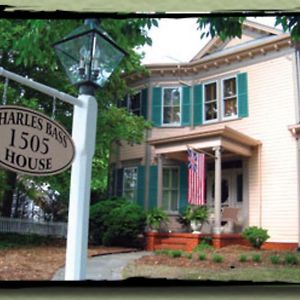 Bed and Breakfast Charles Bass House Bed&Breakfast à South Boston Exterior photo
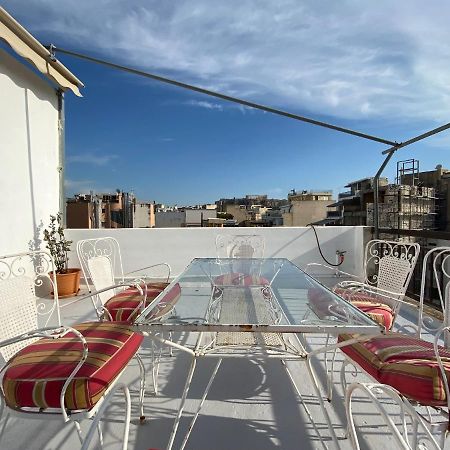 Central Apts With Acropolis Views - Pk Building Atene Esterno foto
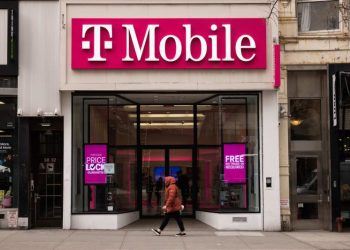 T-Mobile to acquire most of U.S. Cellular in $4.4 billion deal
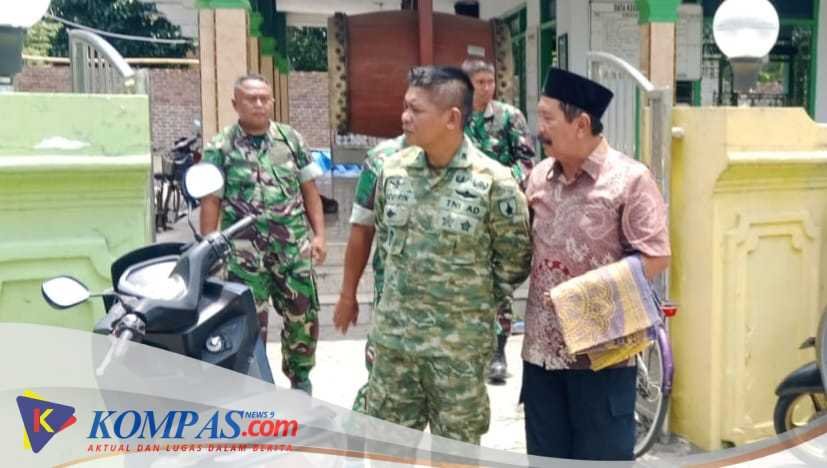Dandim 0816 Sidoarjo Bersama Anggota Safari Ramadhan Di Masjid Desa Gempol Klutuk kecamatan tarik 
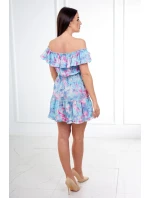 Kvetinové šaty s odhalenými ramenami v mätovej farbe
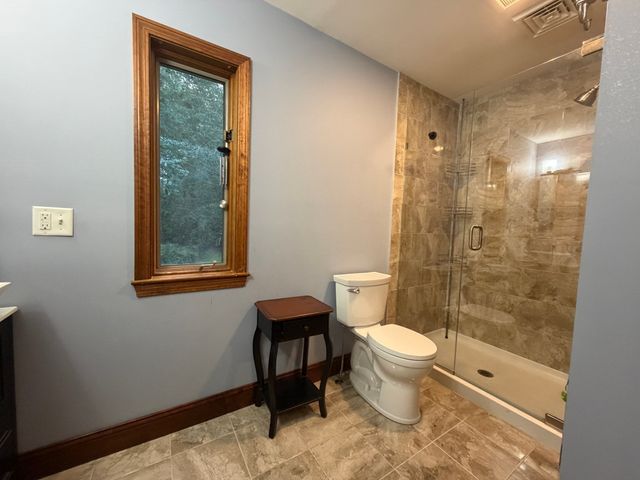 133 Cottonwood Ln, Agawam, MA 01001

########

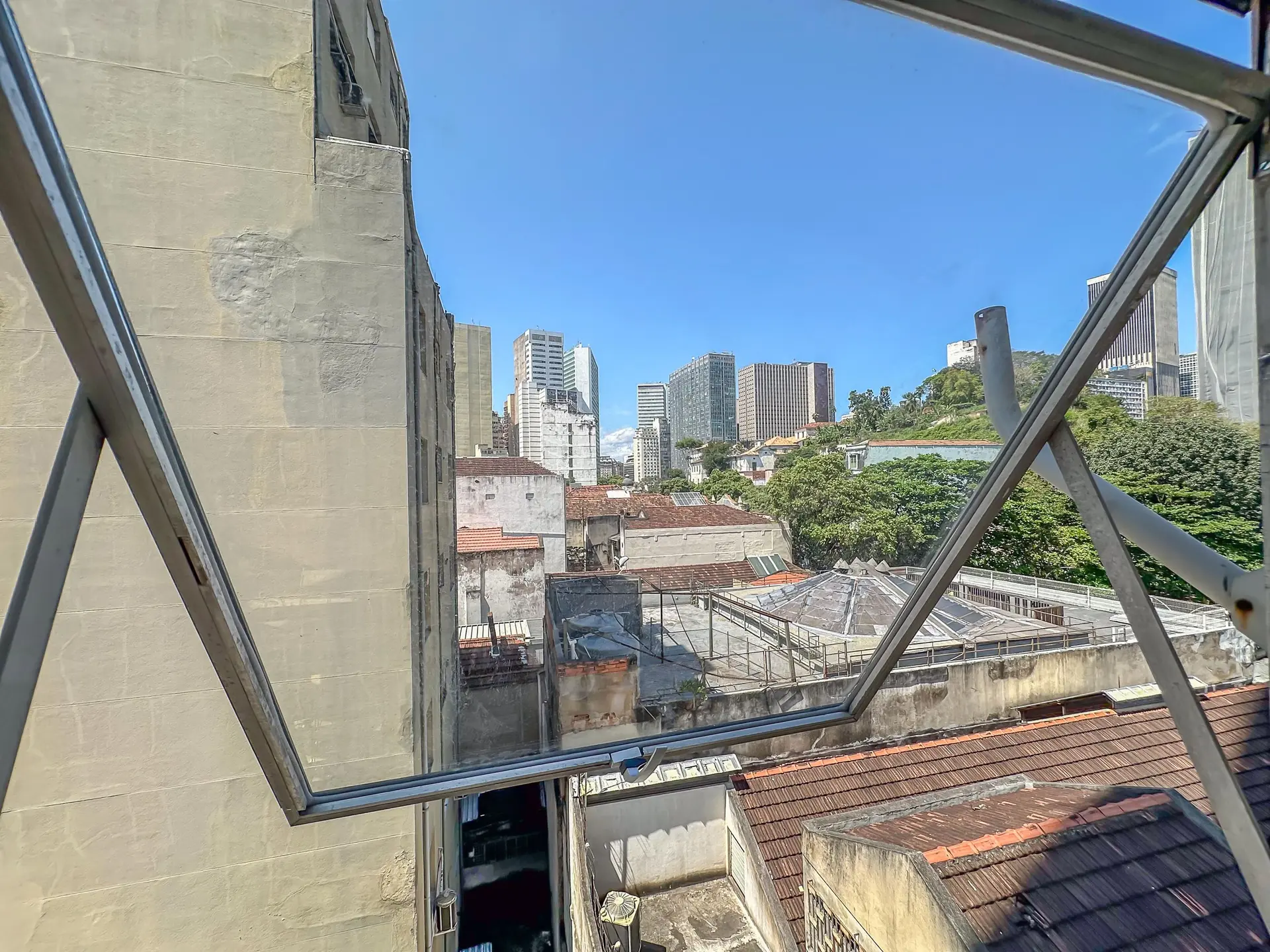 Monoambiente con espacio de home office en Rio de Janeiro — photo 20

########

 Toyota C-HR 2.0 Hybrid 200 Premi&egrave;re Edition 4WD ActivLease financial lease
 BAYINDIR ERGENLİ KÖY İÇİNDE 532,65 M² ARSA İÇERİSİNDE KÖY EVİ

########

◆ Work to complete:
Print nothing except the lines above from the one containing "Central Apts With" down to the one containing "133 Cottonwood Ln, Agawam, MA 01001", both included, exactly as written and free of pictures.

◆ Exercise response:
 Central Apts With Acropolis Views - Pk Building Atene Esterno foto
 T-Mobile to acquire most of U.S. Cellular in $4.4 billion deal
Dandim 0816 Sidoarjo Bersama Anggota Safari Ramadhan Di Masjid Desa Gempol Klutuk kecamatan tarik 
 Kvetinové šaty s odhalenými ramenami v mätovej farbe
 133 Cottonwood Ln, Agawam, MA 01001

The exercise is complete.